A wildfire recovery support program for the Cariboo Chilcotin and Thompson Nicola regions is gaining traction, but Community Futures Cariboo Chilcotin manager Karen Eden said she hopes more businesses will access it.
The program’s nine ambassadors are tasked with helping businesses assess the impact of the wildfires on their operations, match their needs to available programs and services, assist with appropriate referrals and application processes and collect information that can help communities better understand the wildfire impacts in order to support new program development.
“We are here trying to help people and while we don’t have all the answers, the ambassadors are all the type of people who are driven to support others,” Eden said.
The Canadian Red Cross confirmed Monday it has approved more than 2,500 cash transfers to eligible small businesses impacted by the 2017 B.C. Wildfires.
“Phase two of the Red Cross small business support program is now underway, and cash transfers have so far been approved to assist another 200 applicants,” Red Cross communications advisor Andrew Hopkins responded in an e-mail Monday.
The Red Cross continues to encourage small businesses, not-for-profit organizations, and those with First Nations cultural livelihoods to apply for additional phase two assistance to support their needs following last summer’s fires, he noted.

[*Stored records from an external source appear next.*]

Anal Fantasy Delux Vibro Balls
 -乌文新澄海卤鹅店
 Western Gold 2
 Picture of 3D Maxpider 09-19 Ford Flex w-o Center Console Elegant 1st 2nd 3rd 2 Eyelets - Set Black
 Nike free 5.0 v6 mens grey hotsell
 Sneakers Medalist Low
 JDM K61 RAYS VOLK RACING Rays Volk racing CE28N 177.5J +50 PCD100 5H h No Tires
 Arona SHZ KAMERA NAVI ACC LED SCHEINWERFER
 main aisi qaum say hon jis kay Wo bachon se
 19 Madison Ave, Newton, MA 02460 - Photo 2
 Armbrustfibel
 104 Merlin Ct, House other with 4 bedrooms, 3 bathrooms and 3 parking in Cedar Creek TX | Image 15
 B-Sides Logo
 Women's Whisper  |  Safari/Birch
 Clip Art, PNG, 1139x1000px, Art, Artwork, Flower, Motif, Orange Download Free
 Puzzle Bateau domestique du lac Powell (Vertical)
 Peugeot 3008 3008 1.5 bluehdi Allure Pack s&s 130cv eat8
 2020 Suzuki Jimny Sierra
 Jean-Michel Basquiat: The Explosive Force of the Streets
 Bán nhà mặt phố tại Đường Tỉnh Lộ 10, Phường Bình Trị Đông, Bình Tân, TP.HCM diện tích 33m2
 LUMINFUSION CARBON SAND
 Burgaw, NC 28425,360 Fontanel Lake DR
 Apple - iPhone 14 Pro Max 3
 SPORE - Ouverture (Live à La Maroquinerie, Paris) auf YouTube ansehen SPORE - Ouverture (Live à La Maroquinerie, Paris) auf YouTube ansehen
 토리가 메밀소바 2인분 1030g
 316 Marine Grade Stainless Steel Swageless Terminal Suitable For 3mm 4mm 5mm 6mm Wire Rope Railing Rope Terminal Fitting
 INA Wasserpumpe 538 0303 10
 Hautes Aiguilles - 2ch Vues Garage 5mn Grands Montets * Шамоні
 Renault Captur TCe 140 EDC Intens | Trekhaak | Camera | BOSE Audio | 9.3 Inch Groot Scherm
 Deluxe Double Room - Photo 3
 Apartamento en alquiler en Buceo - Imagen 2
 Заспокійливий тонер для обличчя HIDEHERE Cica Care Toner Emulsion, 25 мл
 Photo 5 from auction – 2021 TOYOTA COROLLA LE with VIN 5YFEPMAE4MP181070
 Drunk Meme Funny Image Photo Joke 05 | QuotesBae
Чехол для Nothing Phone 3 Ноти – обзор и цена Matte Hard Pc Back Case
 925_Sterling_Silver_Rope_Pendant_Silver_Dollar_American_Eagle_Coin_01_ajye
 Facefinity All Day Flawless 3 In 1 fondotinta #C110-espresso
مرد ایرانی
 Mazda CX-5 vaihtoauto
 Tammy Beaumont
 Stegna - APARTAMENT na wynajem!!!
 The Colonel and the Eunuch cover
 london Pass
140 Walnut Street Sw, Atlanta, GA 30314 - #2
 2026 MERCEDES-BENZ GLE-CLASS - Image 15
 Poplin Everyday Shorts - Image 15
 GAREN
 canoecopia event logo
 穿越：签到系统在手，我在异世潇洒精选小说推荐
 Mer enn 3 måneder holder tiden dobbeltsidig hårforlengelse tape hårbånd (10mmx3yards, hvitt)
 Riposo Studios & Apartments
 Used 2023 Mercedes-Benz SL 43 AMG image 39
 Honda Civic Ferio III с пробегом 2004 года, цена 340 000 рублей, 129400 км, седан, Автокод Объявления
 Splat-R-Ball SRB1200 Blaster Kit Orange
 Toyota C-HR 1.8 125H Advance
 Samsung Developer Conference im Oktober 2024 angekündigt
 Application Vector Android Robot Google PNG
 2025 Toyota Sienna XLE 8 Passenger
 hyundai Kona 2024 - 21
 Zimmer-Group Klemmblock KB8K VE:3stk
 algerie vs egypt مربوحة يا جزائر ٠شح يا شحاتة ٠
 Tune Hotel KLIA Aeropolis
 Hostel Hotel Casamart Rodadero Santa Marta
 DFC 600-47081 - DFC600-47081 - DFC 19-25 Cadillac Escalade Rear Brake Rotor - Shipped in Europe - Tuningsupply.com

Applications are being accepted until April 6, 2018 and can be made online at www.bcfiressmallbusiness.ca, or by calling the small business helpline at 1-855-999-3345.
“A lot of businesses have said they didn’t know about the funding that is available or they aren’t going to apply,” Eden said, noting the ambassadors have reached out to about 200 businesses so far. “The Cariboo has lots of people who are very independent and don’t want to ask for help.”
Ambassadors can provide a coupon code for business owners to access Business BC courses online for free, she added.
Funding for the Community Future program came from the Northern Development Initiative Trust in the amount of $200,000, $140,000 from the Cariboo-Chilcotin Beetle Action Committee and $56,000 from Community Futures Development Corporation.
Sue Lachance of Williams Lake was hired as the emergency response co-ordinator, while ambassadors for the Williams Lake area are Deanna Hoversland and Uli Wittal.
For 100 Mile House and South Cariboo Alisha Piccolo is the ambassador, and Andre Kuerbis, Angela Bissat and Wendy Coomber are ambassadors for the Ashcroft area with Deb Arnott as the general manager.
In the Quesnel area, Greg Lawrence is the general manager with Simon Turner and Laurie Rice working as ambassadors.
Lachance can be reached by calling 250-302-1502 or e-mailing firstname.lastname@example.org.
Eden has worked at CFC since 1996 and said the wildfires sped up a lot of things that were already in the works for the region’s economy.
“We were already going to be facing a shortage of employees, but after the wildfires it spiked. We were a community in transition, now there is no doubt.”
On the other side of the coin, she said there has been a sharp increase in the number of new entrepreneurs.
“Perhaps the uncertainty of what traditional employment is going to deliver has made people think sooner to make some changes than they might have,” Eden explained.
“Our demographics are changing too as people move to the region where housing is more affordable. It’s not all gloom and doom, there is hope too.”